Computer-Controlled Cutting¶

Assignment:

Linked to the group assignment page.
Explained how you parametrically designed your files.
Documented how you made your press-fit kit.
Documented how you made your vinyl cutting.
Included your original design files.
Included your hero shots.

Laser Cutting:

Characterize your lasercutter’s focus, power, speed, rate, kerf, and joint clearance.
Design, lasercut, and document a parametric press-fit construction kit, which can be assembled in multiple ways.Account for the lasercutter kerf.
For extra credit include elements that aren’t flat.

Vinyl Cutting:

Cut something on the vinylcutter.

Learning Outcomes:¶

Demonstrate and describe parametric 2D modelling processes.
Identify and explain processes involved in using the laser cutter.
Develop, evaluate and construct a parametric construction kit.
Identify and explain processes involved in using the vinyl cutter.

Click this link to view my rough time schedule for this course.

HERE IS MY SCHEDULE FOR THIS WEEK!!

Group Assignment¶

Laser Cutting

Click this link to view the group assignment

Laser Cutter

The laser cutter that exist in DGI Fablab is the following model.

Model: Fusion Edge 12
Software: Epilog software suite
Work area: 609 mm x 305 mm (24” x 12”)
Maximum material thickness: typically 6-9mm (1/4” to 3/8”)
Minimum material thickness: 0.25mm (0.01”)
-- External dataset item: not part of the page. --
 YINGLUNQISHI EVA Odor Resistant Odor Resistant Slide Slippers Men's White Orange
We wanted to check the different settings for the laser cutter, so before that, our instructor briefly explained the workings of a laser cutter to us.
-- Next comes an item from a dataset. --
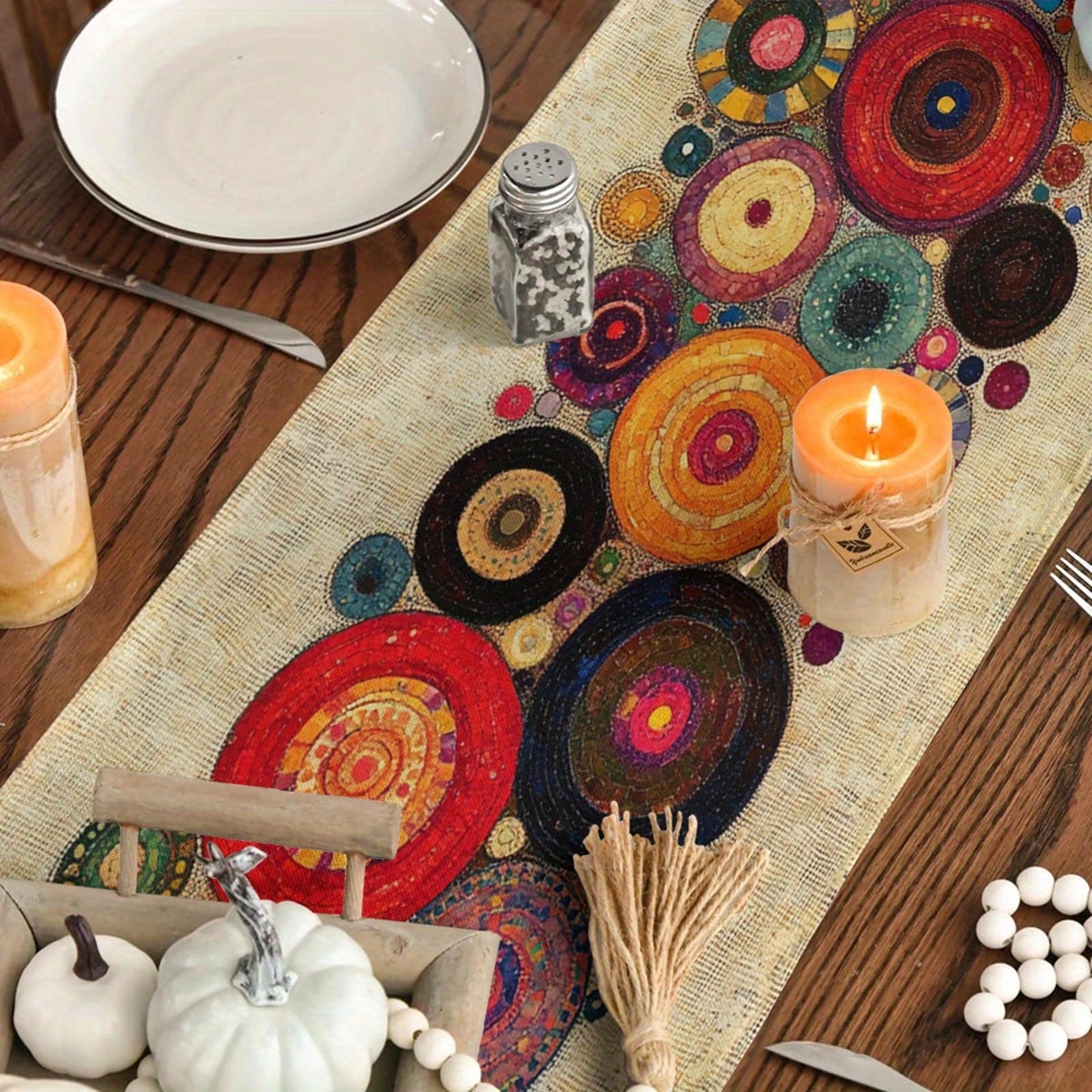 Bohemian Polka Dot Round Table Runner For Home  Party Decor 4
Before starting with the laser cutting here are some safety measures to keep in mind

Safety Measures:¶

Read the Manual:

Familiarize yourself with the user manual and safety guidelines.

Protective Gear:

Wear appropriate PPE like laser safety glasses.

Ventilation:

Ensure proper ventilation to remove fumes.

Material Compatibility:

Use approved materials and check MSDS.

Fire Safety:

Keep a fire extinguisher nearby and never leave the machine unattended.

Emergency Stop:

Know the location and use of the emergency stop button.

Workspace Organization:

Keep the workspace clean and organized.

Training:

Ensure operators are trained on safe usage.

Secure the Area:

Restrict access to authorized personnel.

Maintenance:

Regularly inspect and maintain the machine.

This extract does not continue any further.